Task details -
An exact copy of every record, with no pictures, please.

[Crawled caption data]

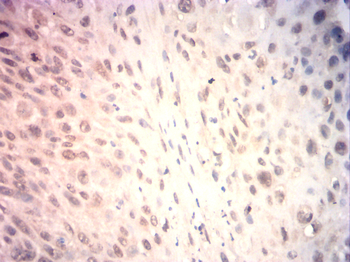 EMD Antibody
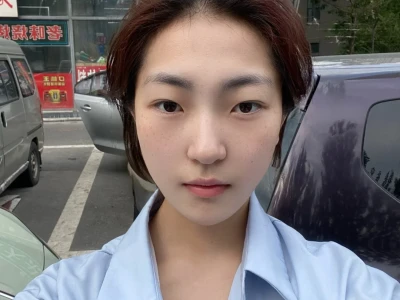 去M后脸蛋饱满，脸小了10斤？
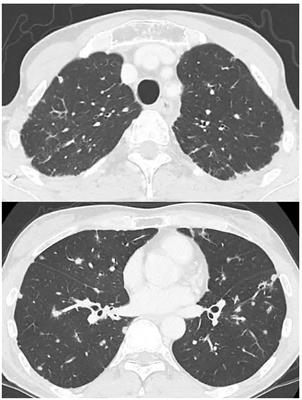 Frontiers Case Report Irinotecan Induced Interstitial Lung Disease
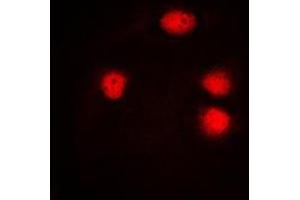 Immunofluorescent analysis of ELF5 staining in HuvEc cells. (ELF5 anticorps  (C-Term))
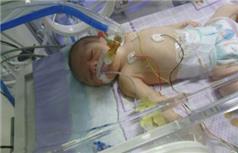 Doğumda İhmal İddiası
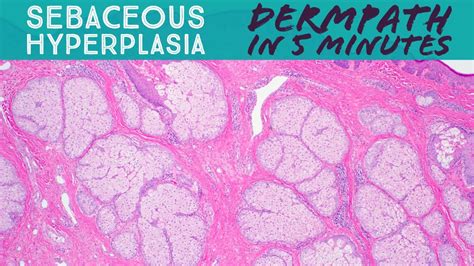 Sebaceous Hyperplasia Dermpath In 5 Minutes Dermatology Pathology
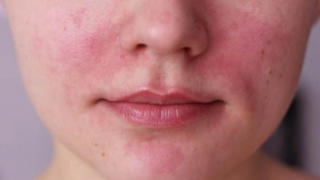 Bệnh Rosacea là gì? Làm thế nào để trị bệnh Rosacea tại nhà?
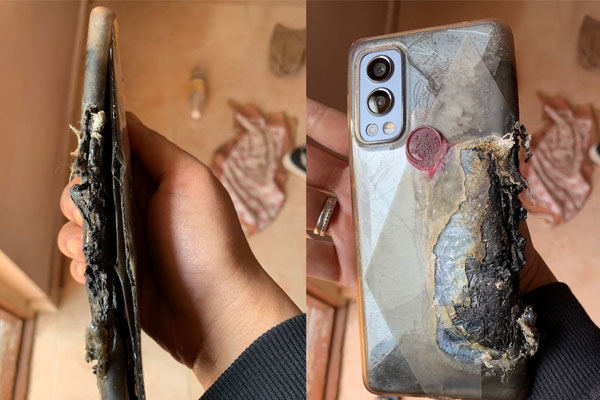 You are currently viewing സ്മാർട് ഫോൺ  പൊട്ടിത്തെറിച്ച് യുവാവിന് ഗുരുതര പൊള്ളലേറ്റു; അനന്തരഫലം അനുഭവിക്കാന്‍ തയ്യാറായിക്കോളൂ എന്ന് വണ്‍പ്ലസ് കമ്പനിയോട് മുന്നറിയിപ്പ്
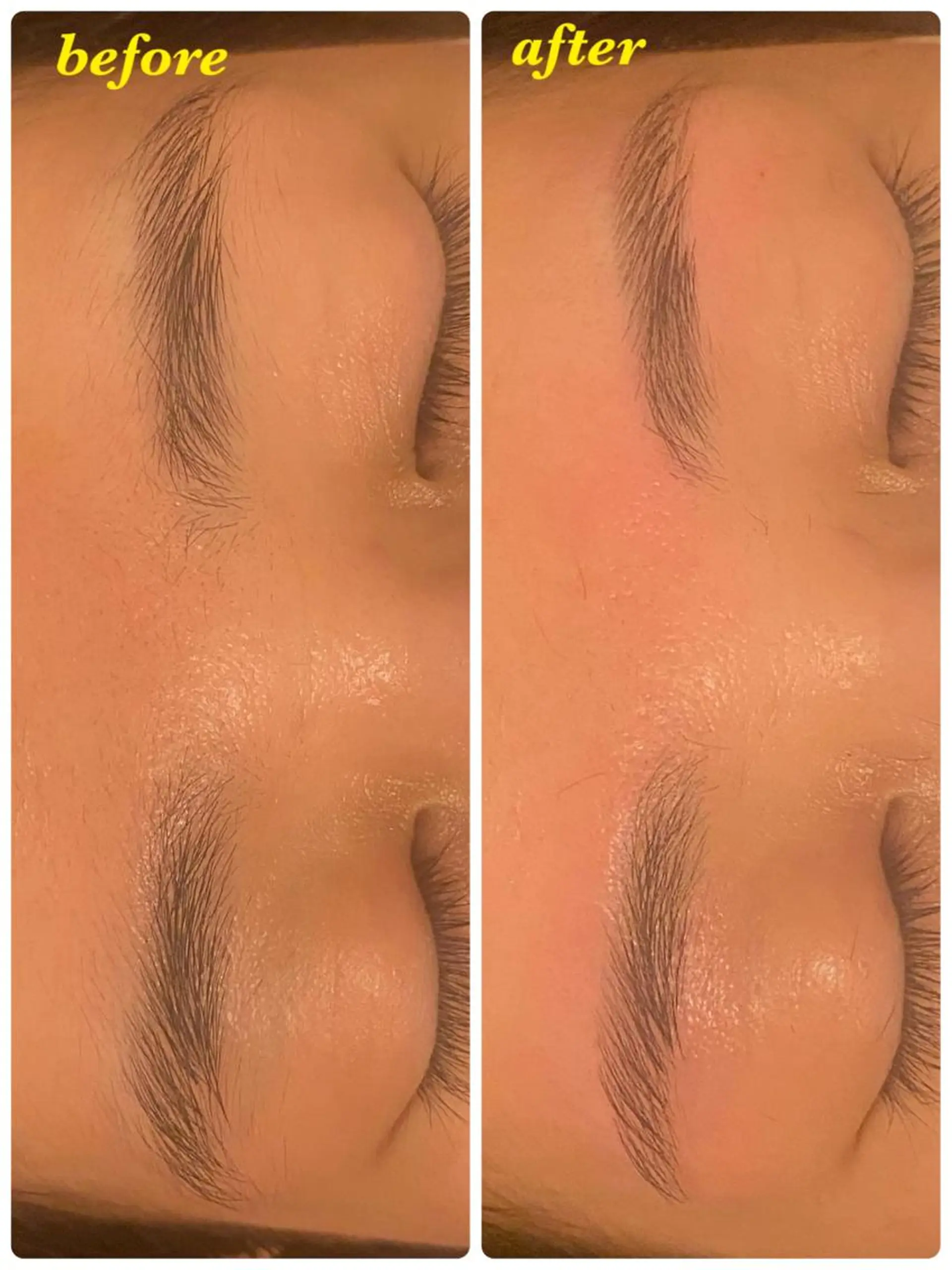 アイブロウ ハーブピーリング/韓国肌管理/フェイシャル/毛穴洗浄/眉毛/顔脱毛【糸脱毛専門】rev所属・ハーブピーリング専門 毛穴洗浄❤️眉waxのエステ・リラクイメージ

Output -
 EMD Antibody
 去M后脸蛋饱满，脸小了10斤？
 Frontiers Case Report Irinotecan Induced Interstitial Lung Disease
 Immunofluorescent analysis of ELF5 staining in HuvEc cells. (ELF5 anticorps  (C-Term))
 Doğumda İhmal İddiası
 Sebaceous Hyperplasia Dermpath In 5 Minutes Dermatology Pathology
 Bệnh Rosacea là gì? Làm thế nào để trị bệnh Rosacea tại nhà?
 You are currently viewing സ്മാർട് ഫോൺ  പൊട്ടിത്തെറിച്ച് യുവാവിന് ഗുരുതര പൊള്ളലേറ്റു; അനന്തരഫലം അനുഭവിക്കാന്‍ തയ്യാറായിക്കോളൂ എന്ന് വണ്‍പ്ലസ് കമ്പനിയോട് മുന്നറിയിപ്പ്
 アイブロウ ハーブピーリング/韓国肌管理/フェイシャル/毛穴洗浄/眉毛/顔脱毛【糸脱毛専門】rev所属・ハーブピーリング専門 毛穴洗浄❤️眉waxのエステ・リラクイメージ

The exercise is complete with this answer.